Marshall Wallace F
Department of Biochemistry and Biophysics, Integrative Program in Quantitative Biology, University of California San Francisco, San Francisco, California, United States of America.
PLoS Comput Biol. 2008 Sep 19;4(9):e1000183. doi: 10.1371/journal.pcbi.1000183.
An important application of the RNA interference (RNAi) pathway is its use as a small RNA-based regulatory system commonly exploited to suppress expression of target genes to test their function in vivo. In several published experiments, RNAi has been used to inactivate components of the RNAi pathway itself, a procedure termed recursive RNAi in this report. The theoretical basis of recursive RNAi is unclear since the procedure could potentially be self-defeating, and in practice the effectiveness of recursive RNAi in published experiments is highly variable. A mathematical model for recursive RNAi was developed and used to investigate the range of conditions under which the procedure should be effective. The model predicts that the effectiveness of recursive RNAi is strongly dependent on the efficacy of RNAi at knocking down target gene expression. This efficacy is known to vary highly between different cell types, and comparison of the model predictions to published experimental data suggests that variation in RNAi efficacy may be the main cause of discrepancies between published recursive RNAi experiments in different organisms.
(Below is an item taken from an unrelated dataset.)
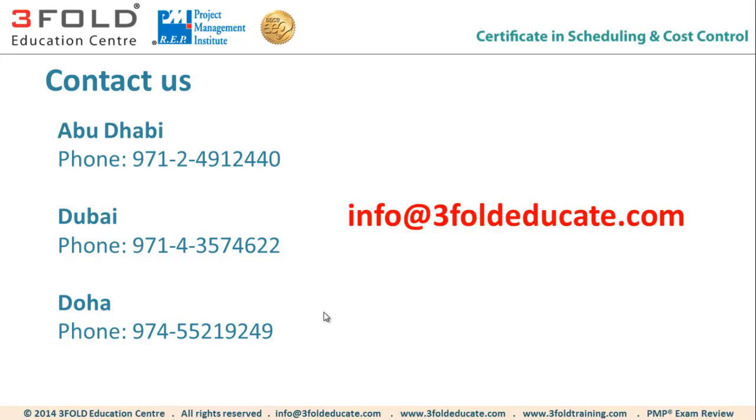Alright, so that's about it. Have a happy and engaging experience in this course. Thank you.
The model suggests potential ways to optimize the effectiveness of recursive RNAi both for screening of RNAi components as well as for improved temporal control of gene expression in switch off-switch on experiments.
RNA干扰(RNAi)途径的一个重要应用是作为一种基于小RNA的调控系统,通常用于抑制靶基因的表达,以在体内测试其功能。在一些已发表的实验中,RNAi已被用于使RNAi途径本身的成分失活,本报告中将此过程称为递归RNAi。递归RNAi的理论基础尚不清楚,因为该过程可能会适得其反,而且在实际操作中,已发表实验中递归RNAi的有效性差异很大。我们开发了一个递归RNAi的数学模型,并用于研究该过程应该有效的条件范围。该模型预测,递归RNAi的有效性强烈依赖于RNAi敲低靶基因表达的效力。已知这种效力在不同细胞类型之间差异很大,将模型预测与已发表的实验数据进行比较表明,RNAi效力的差异可能是不同生物体中已发表的递归RNAi实验之间差异的主要原因。该模型提出了一些潜在方法,可优化递归RNAi的有效性,用于筛选RNAi成分以及在关闭-开启实验中改善基因表达的时间控制。